▸ PROBLEM REQUIREMENTS
Below are some records. Return exactly their lines from the one containing "HyP - La Casa de la Abuela Victoria - B&B" through the one containing "Property image - gallery 38", and drop the pictures.

▸ THE DATA
=== Begin Enclosure ===

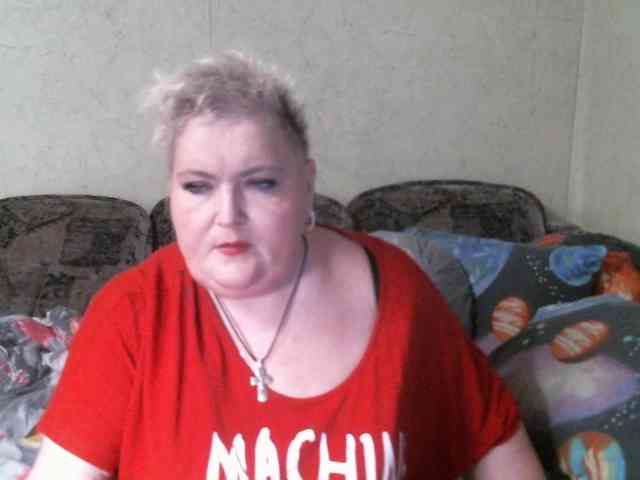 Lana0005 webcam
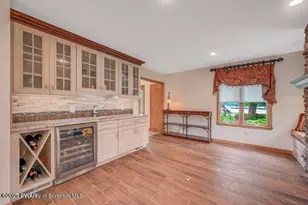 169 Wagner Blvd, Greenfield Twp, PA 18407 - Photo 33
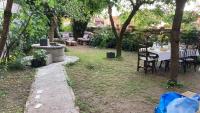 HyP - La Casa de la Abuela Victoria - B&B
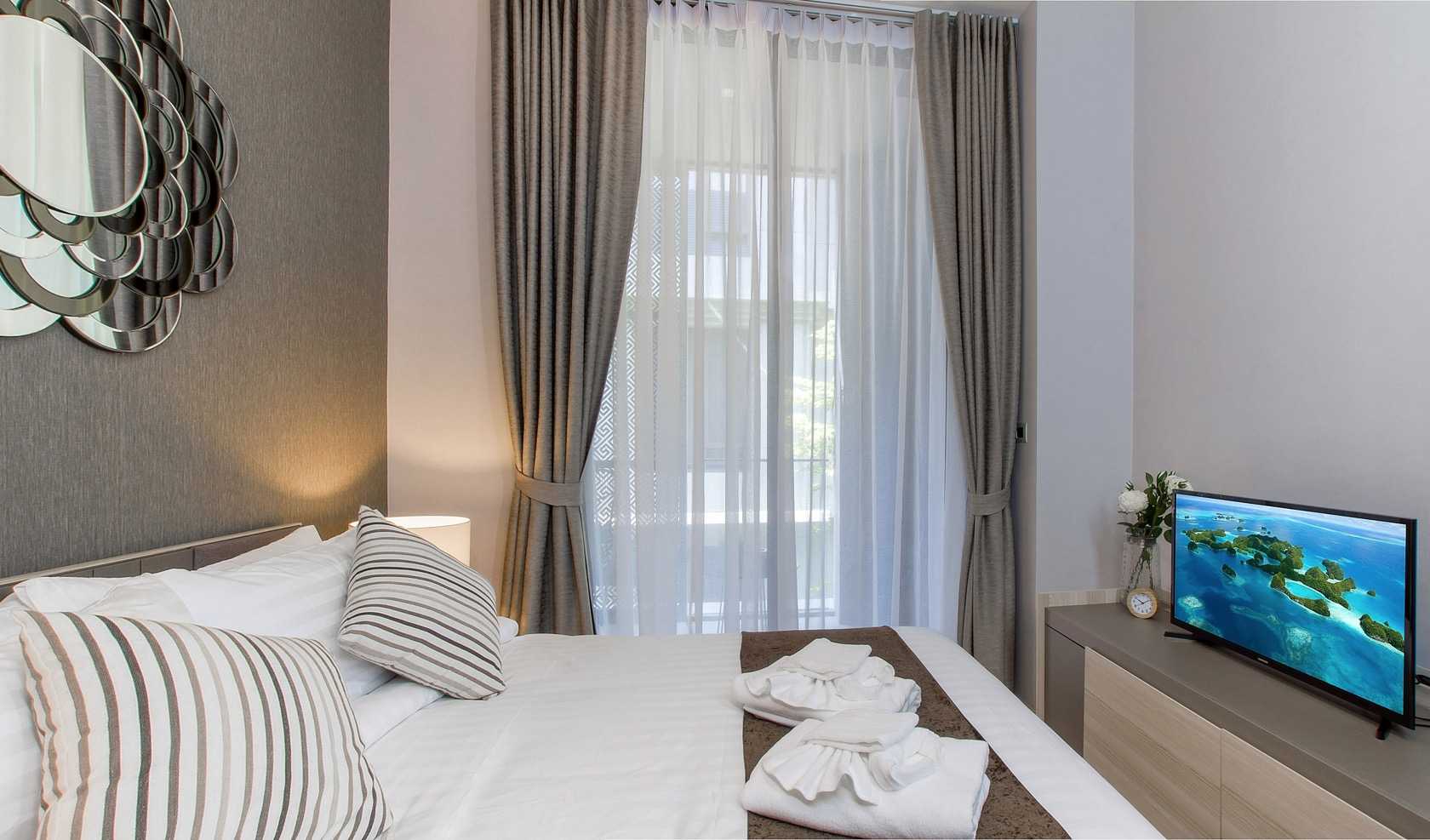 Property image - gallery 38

=== End Enclosure ===
=== Begin Enclosure ===

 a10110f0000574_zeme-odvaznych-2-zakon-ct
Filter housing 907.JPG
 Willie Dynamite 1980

=== End Enclosure ===

▸ SOLUTION TO THIS EXERCISE
 HyP - La Casa de la Abuela Victoria - B&B
 Property image - gallery 38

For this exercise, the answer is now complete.